**Exercise goal:**
Write the records below out again exactly as given, with no images.

Caption-style text data

——

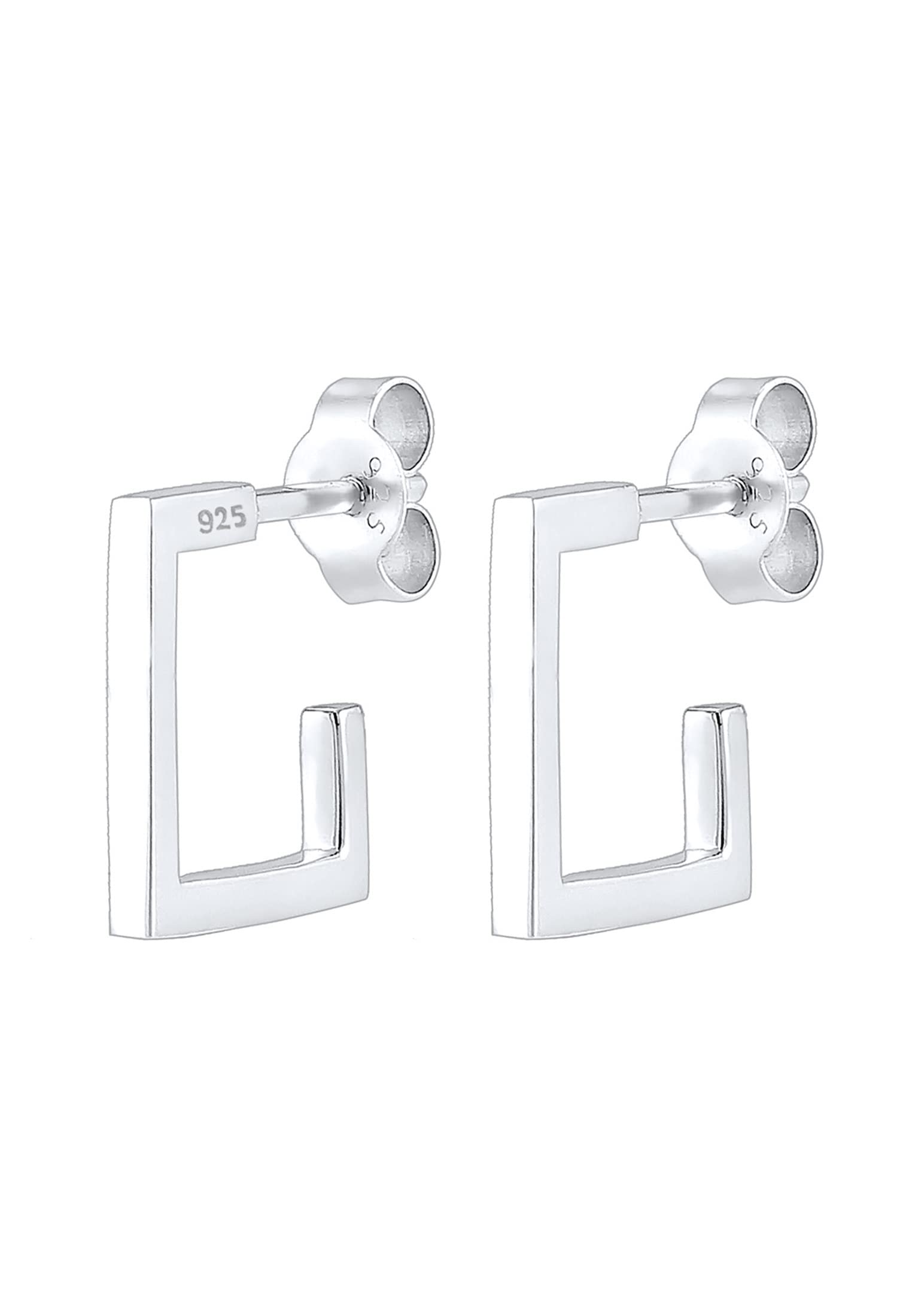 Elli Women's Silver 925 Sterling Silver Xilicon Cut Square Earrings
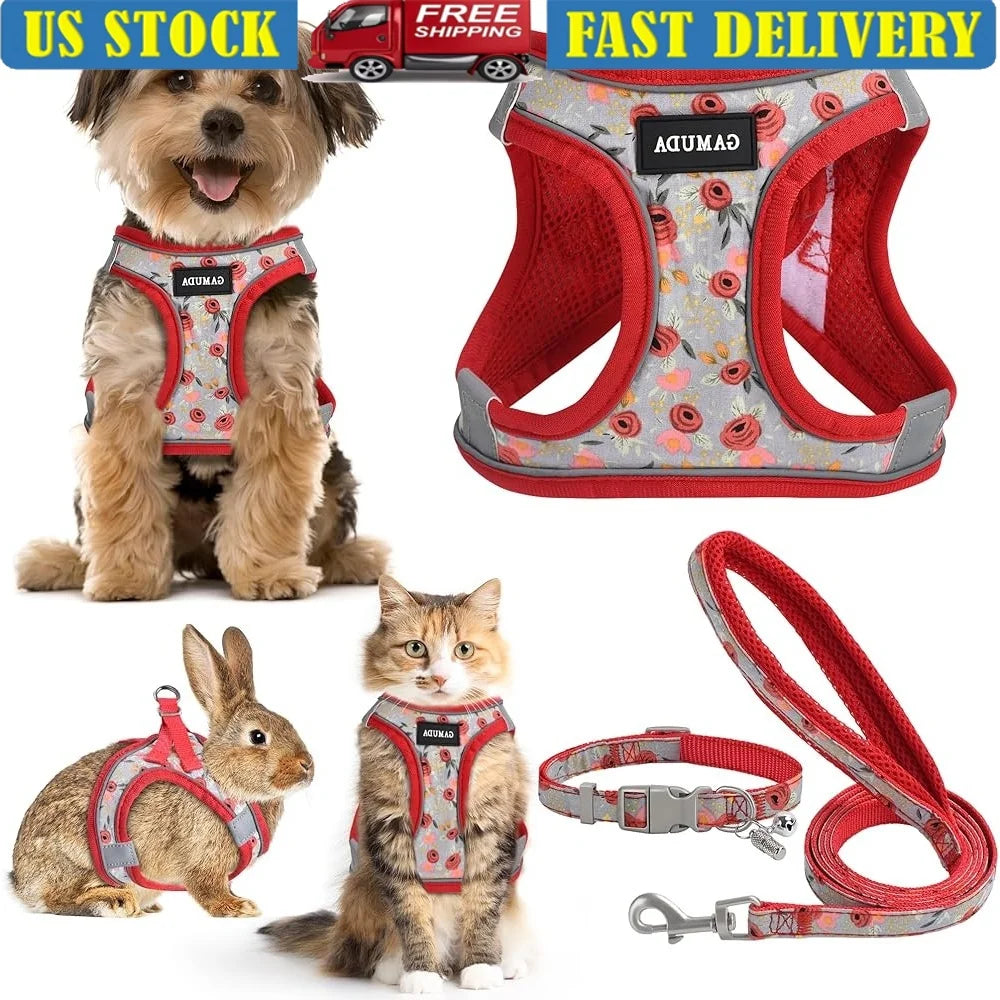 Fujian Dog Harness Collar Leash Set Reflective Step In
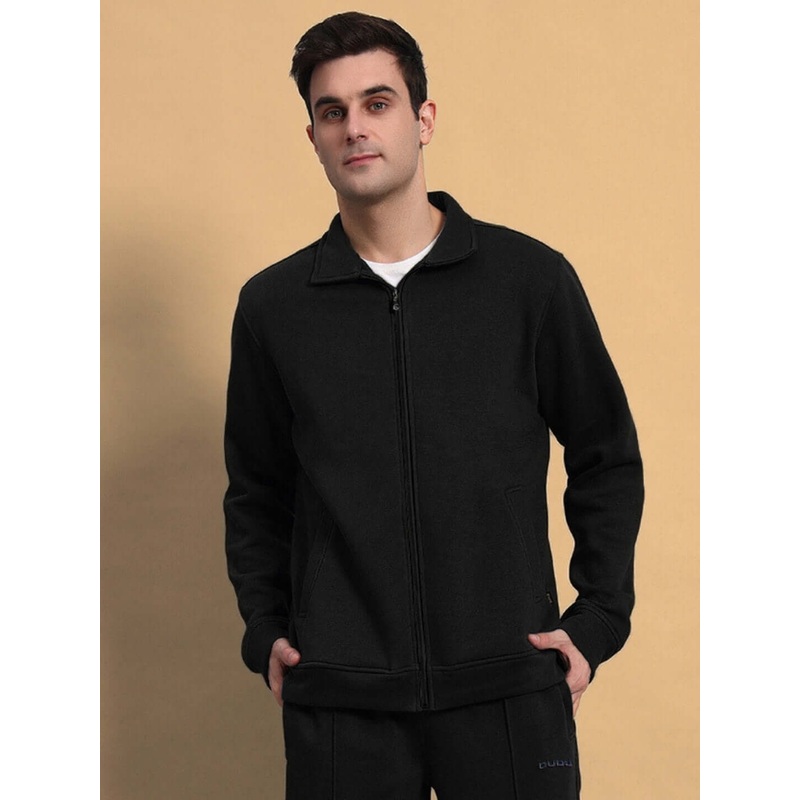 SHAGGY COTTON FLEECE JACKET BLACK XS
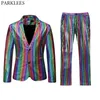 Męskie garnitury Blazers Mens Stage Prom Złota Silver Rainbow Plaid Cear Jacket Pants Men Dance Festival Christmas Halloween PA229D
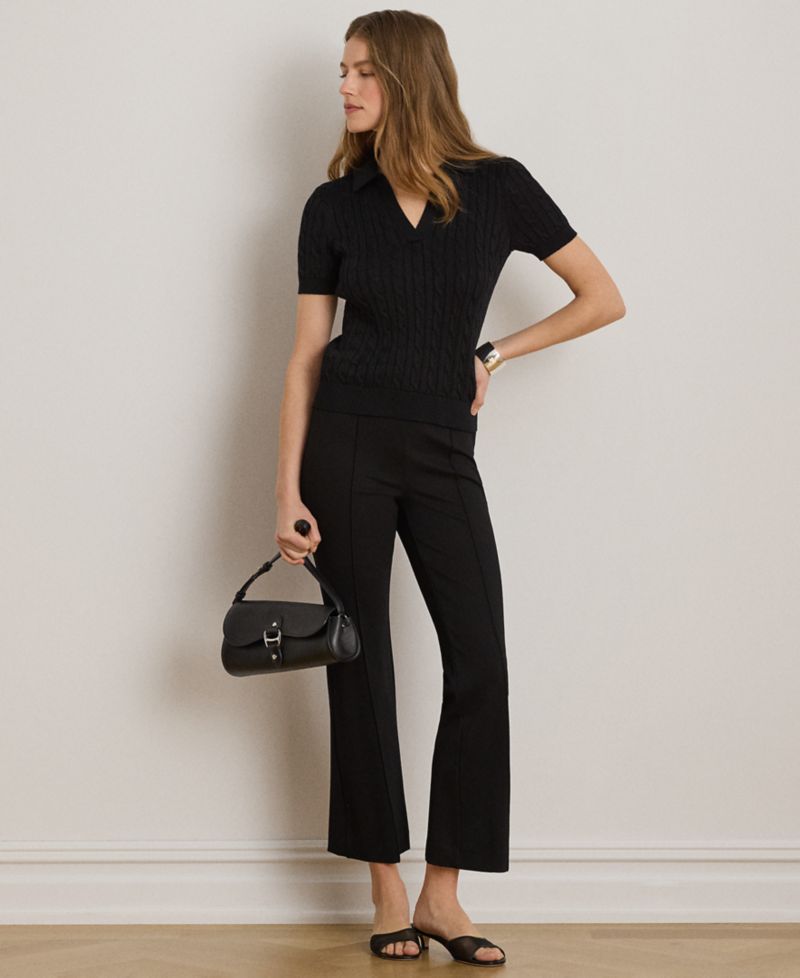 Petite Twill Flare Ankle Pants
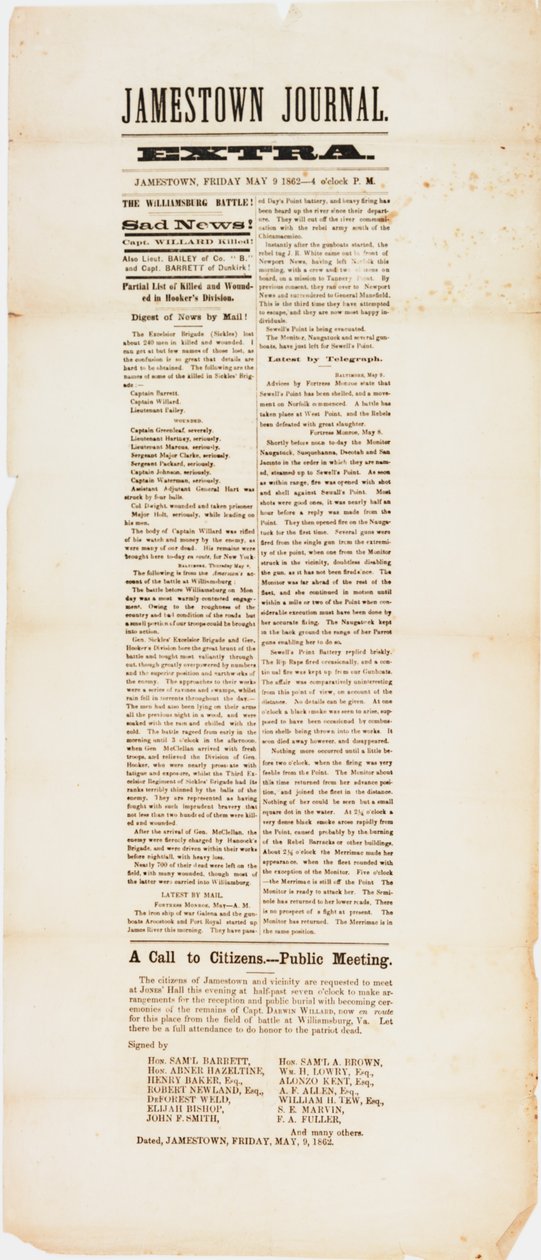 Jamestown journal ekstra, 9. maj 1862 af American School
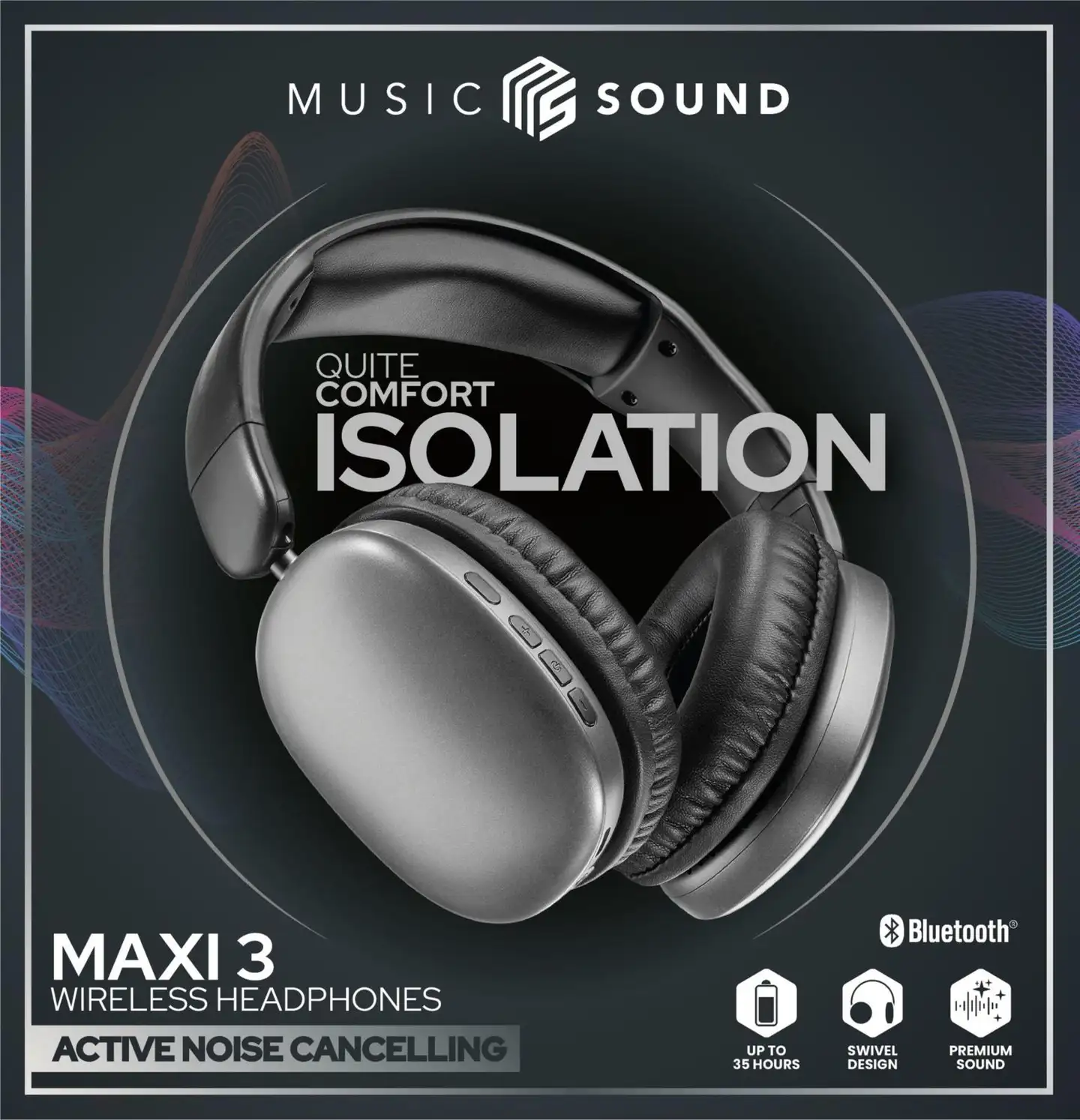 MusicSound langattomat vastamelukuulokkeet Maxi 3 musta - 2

——

**Task solution:**
 Elli Women's Silver 925 Sterling Silver Xilicon Cut Square Earrings
 Fujian Dog Harness Collar Leash Set Reflective Step In
 SHAGGY COTTON FLEECE JACKET BLACK XS
 Męskie garnitury Blazers Mens Stage Prom Złota Silver Rainbow Plaid Cear Jacket Pants Men Dance Festival Christmas Halloween PA229D
 Petite Twill Flare Ankle Pants
 Jamestown journal ekstra, 9. maj 1862 af American School
 MusicSound langattomat vastamelukuulokkeet Maxi 3 musta - 2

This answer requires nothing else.